What started as a way of coping with new motherhood has turned into a full-fledged walking club for Syria-born, UAE-raised Farah Enayeh, the founder of 'Girls Who Walk Dubai'.

“I started off in corporate, but life kind of changed when I became a Mum,” says Enayeh. “That phase really changed how I see work and connection.” 

So, what is a walking club? 

Every community has the big first day, which mostly comprises of many ‘I’m not sure if anyone will show up’ moments. Enayeh remembers that feeling clearly. “I was nervous. Like what if no one shows up?” she says.

But one woman did: a friend named Suzanne. “When that one friend showed up on the first walk, I realised how much I needed that connection.

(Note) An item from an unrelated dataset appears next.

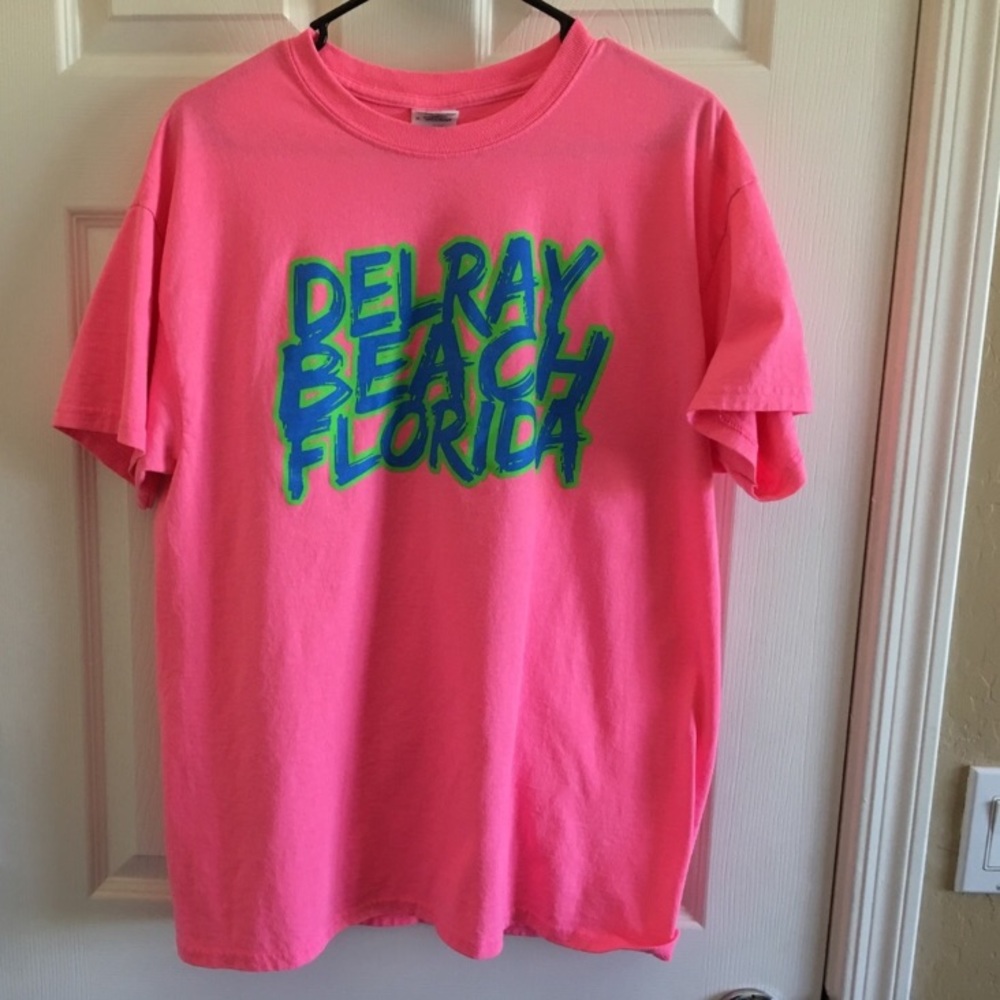 💙Gildan Pink Del Ray Beach Large Tee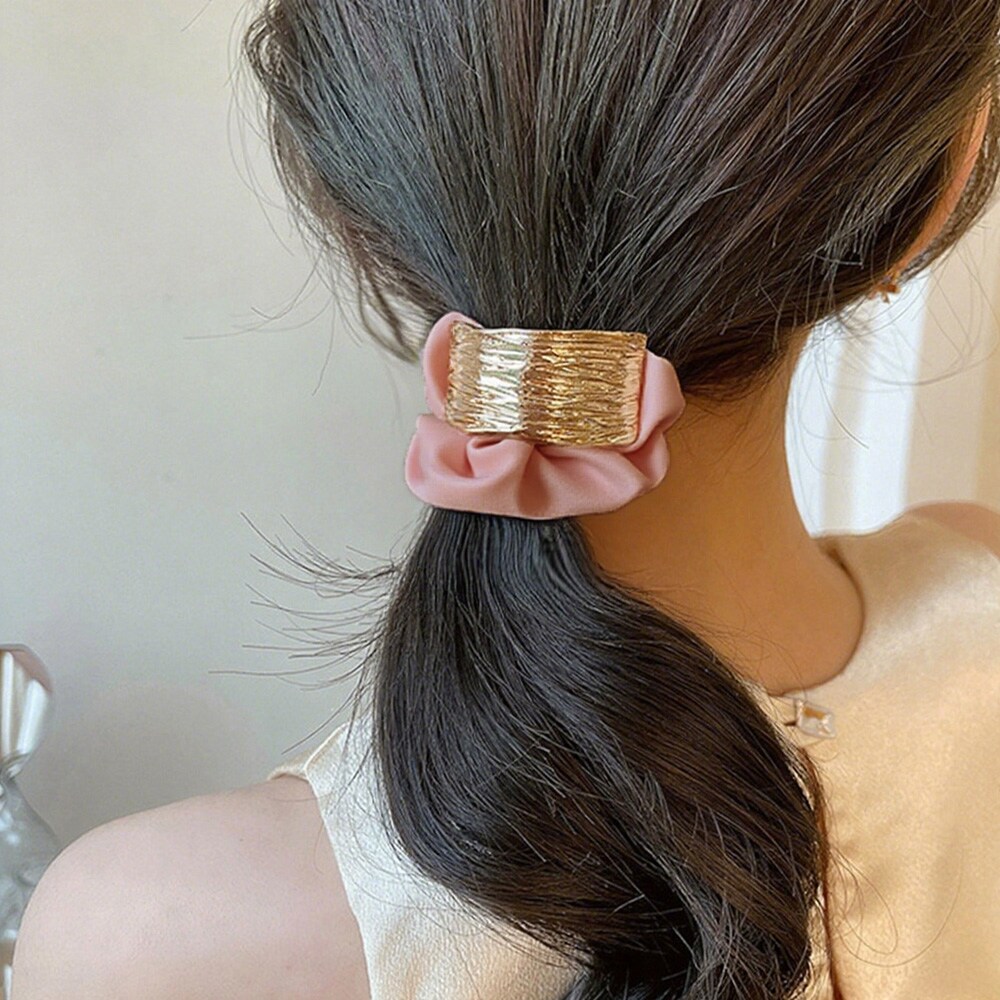 プレート付きシュシュ 大人っぽいヘアゴム／ミニミニストア（miniministore）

So I realised this isn’t about me anymore. It’s something people actually need in Dubai.”

That casual, two-woman walk set the tone for everything that followed. But it was never meant to be a hardcore fitness club, says Enayeh. In fact, that’s precisely why 'Girls Who Walk' is a walking community, not a running one.

“Because walking is softer and easier. Less intimidating,” she adds. “You don’t have to be 'fit enough', you don’t need the outfit, you don’t have to keep up. You can show up tired, emotional, and still belong.”

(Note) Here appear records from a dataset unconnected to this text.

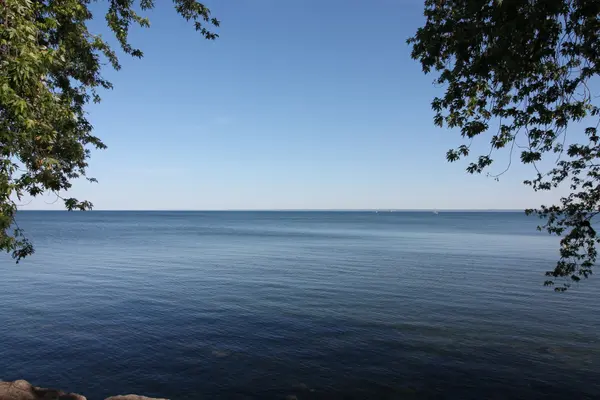 2101 Marine DR, Oakville, ON L6L 1B8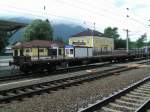 Rns-z am Bhf. Jenbach, im Hintergrund Schwellenzug u. Zillertalbahngebude (2006-08-01)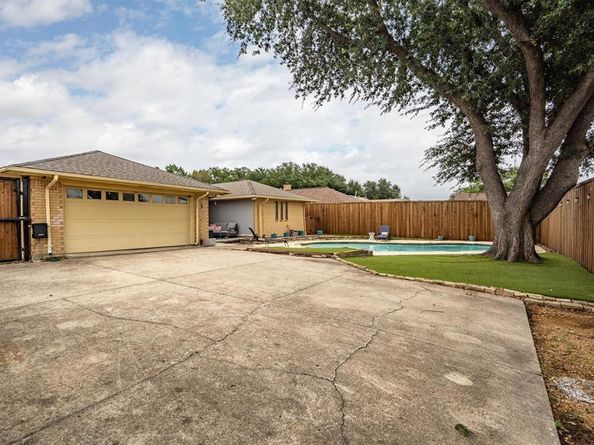 2214  Valley Mill  , Carrollton Texas 75006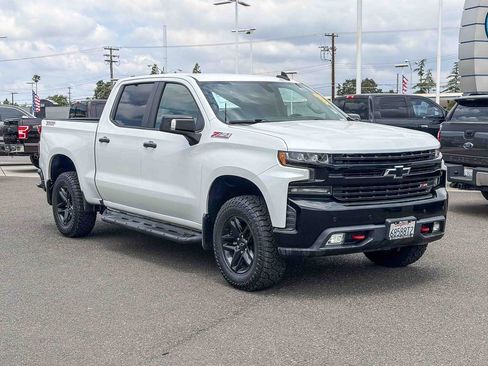 Used 2019 Chevrolet Silverado 1500 LT Trail Boss AWD/4WD image 5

She also wanted something accessible for mothers like herself. “I wanted to include mothers with their babies and strollers. Also, it’s a good brain exercise to walk and talk at the same time.”

How it started

Enayeh's life once ran on a familiar corporate rhythm of back-to-back meetings and a clear professional identity. But that completely changed once she became a mother.

“Day-to-day, it was honestly a bit lonely,” she admits. “You go from being busy, always around people to suddenly having so much silence but also so much responsibility. I loved being a Mum, but I missed feeling like me. I missed adult conversations, energy, purpose outside the house.”

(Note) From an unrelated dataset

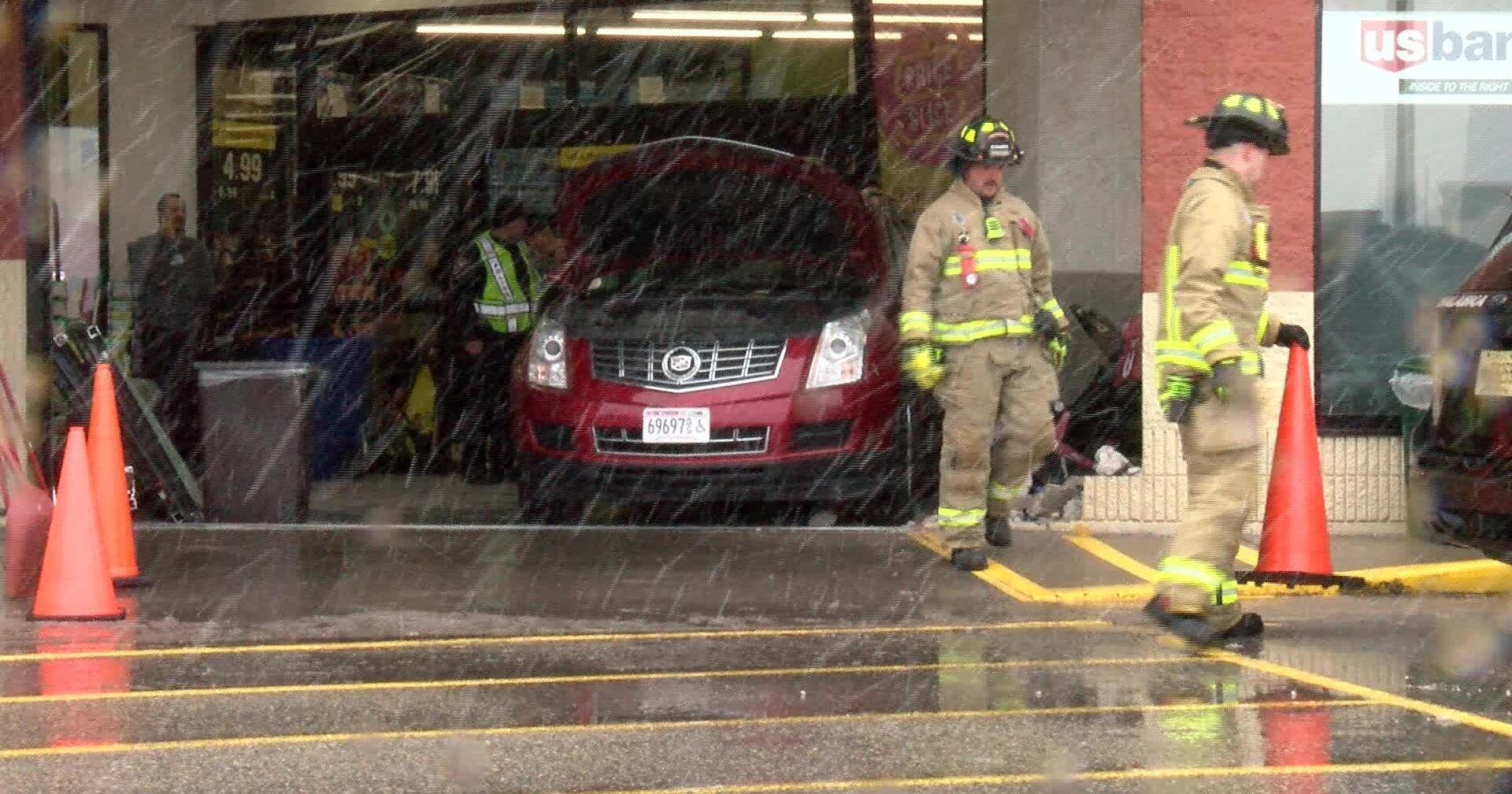 Vehicle backs into Onalaska Festival Foods entrance - Vimarsana News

To cope with that feeling is why she started walking daily with her baby, a simple, gentle habit to feel “mentally and physically better”. “I wished I had others walking with me,” she says, adding that traditional networking events and sports clubs didn’t quite fit the bill. “I wasn’t able to join other sports clubs or networking events because it was inflexible.”

So, she did what many women in the UAE do when they can’t find the community they need: she built her own.

What began as a small WhatsApp group of like-minded women “turned quickly into an IG page where I started reaching out to girls with similar fitness interests to join me.” The concept evolved organically when she invited a friend to join and share her own entrepreneurial journey.

'LinkedIn on legs'

Very quickly, Enayeh noticed that these walks were turning into something much more than just casual strolls. 

“There have been so many moments where a simple walk turned into something bigger,” she says. “Girls finding job opportunities through someone they met or even business deals, Mums forming real support systems, girls who came alone now coming every week with friends they met here.”

What she’s created is networking stripped of the stiff name tags and awkward icebreakers. “It’s not forced networking, it’s just genuine conversations that accidentally change things,” she adds. That’s why she jokingly calls it "netwalking" and "LinkedIn on legs".

“A lot of girls come feeling lonely or disconnected. Even if they’ve lived here for years,” Enayeh shares. “New Mums feel like they’ve lost themselves a bit.” The walks, then, become a low-pressure way to reclaim parts of themselves, without having to keep up with a structured membership platform.

Still hesitating to join?

Of course, some women will watch from afar for weeks, liking posts but never quite making it to the meeting point. For them, Enayeh has a message.

"No one is judging you, no one expects anything from you," she says. "You can come quiet, you can come awkward, you can even leave early… it’s all okay. But chances are, you’ll leave feeling lighter than when you came.”